Chinese government's internet map brings a little bit of Poland to Britain

Polish now forms part of the rich cultural hodgepodge that has given Britain its peculiar place names, according to an erratic Chinese government internet map that places a town called Ostrow Wielkopolski just south of Watford. The Polish town is just one of several mysterious additions to the map of Britain by Map World, a service launched this week to help Chinese internet surfers navigate their way around the globe in English.

Drivers using Map World to seek a route from north Wales to Chester, however, might be surprised to find themselves expected to go via a place called Bashmakova. And the road from Darlington to Middlesbrough goes by a mysterious new town called Chishmy. The latter name, when Googled, turns out to belong to a town with a pretty Orthodox-looking church in the Republic of Bashkortostan on the southern fringes of the Russian Federation. Chishmy lies 40 miles west of Bashkortostan's capital, Ufa.


The new places the Chinese have added to Britain are, in fact, foreign towns and cities that have somehow slipped across the globe. Bashmakova, for example, sits astride a main railway line 300 miles south-east of Moscow. The real Ostrow Wielkopolski lies south of Poznan and west of Lodz. More difficult to explain is the new London neighbourhood of Unk, which apparently lies on a bend in the river Thames beside Richmond Park. It does, at least, have some natural twin towns dotted around the world as Map World places another Unk in Spain, four in Australia, three in Africa and two in Latin America.

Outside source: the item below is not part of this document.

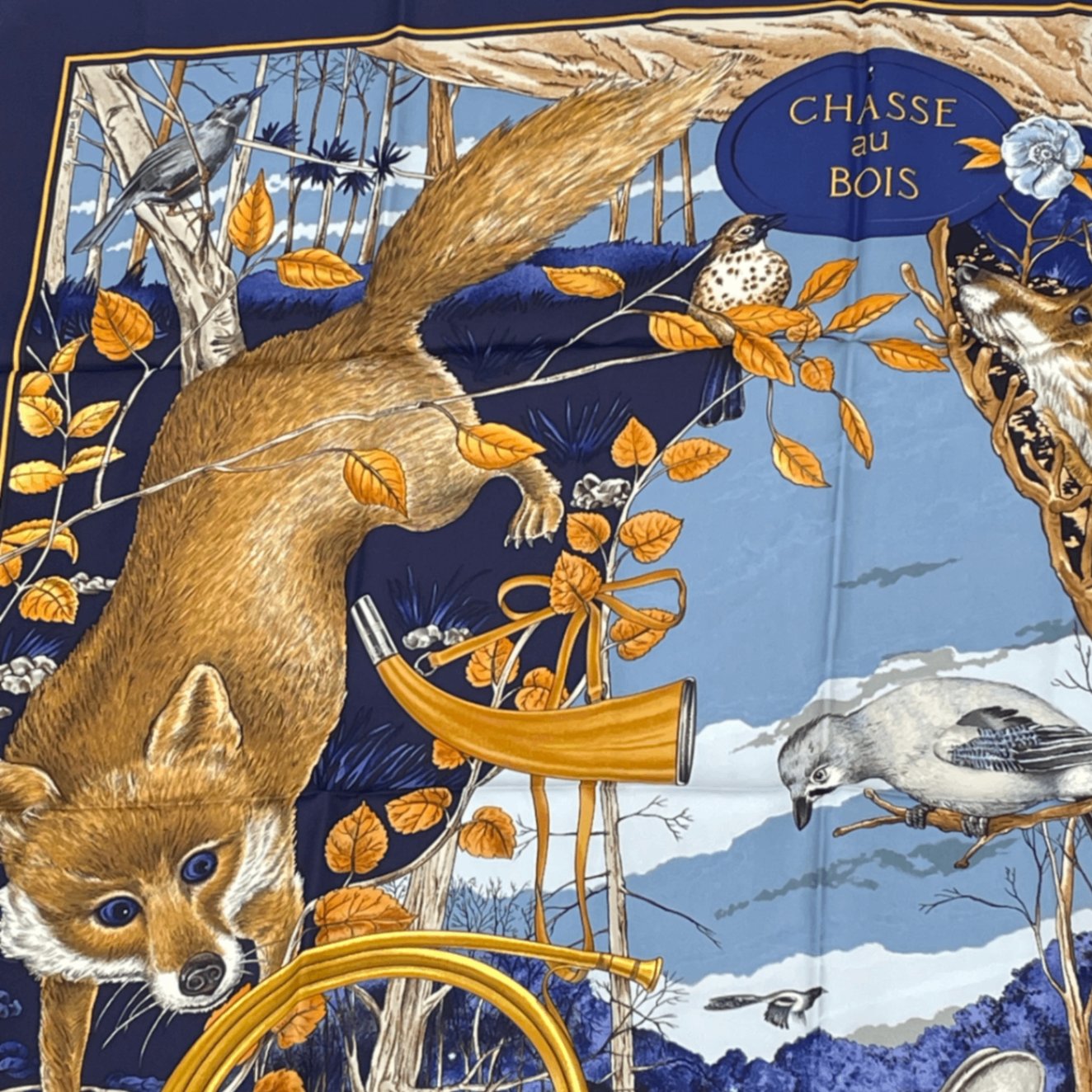 Hermes Carre 90 Chasse Au Bois Forest Hunting Blue Scarf Silk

Google Maps registers only three Unks. Two lie just 30 miles apart in Iranian Kurdistan and in the Iraqi province of Suleiminya. The third is a cul-de-sac near the airport in the Liberian capital of Monrovia. These are not the only mistakes. Not far from Tyneside, you'll find the previously unknown English towns of Almenevo and Mar'yanovka. Map World launched on Tuesday after a three-month trial. About 30 million users had visited in that time, according to Min Yiren, the deputy director of China's State Bureau of Surveying and Mapping.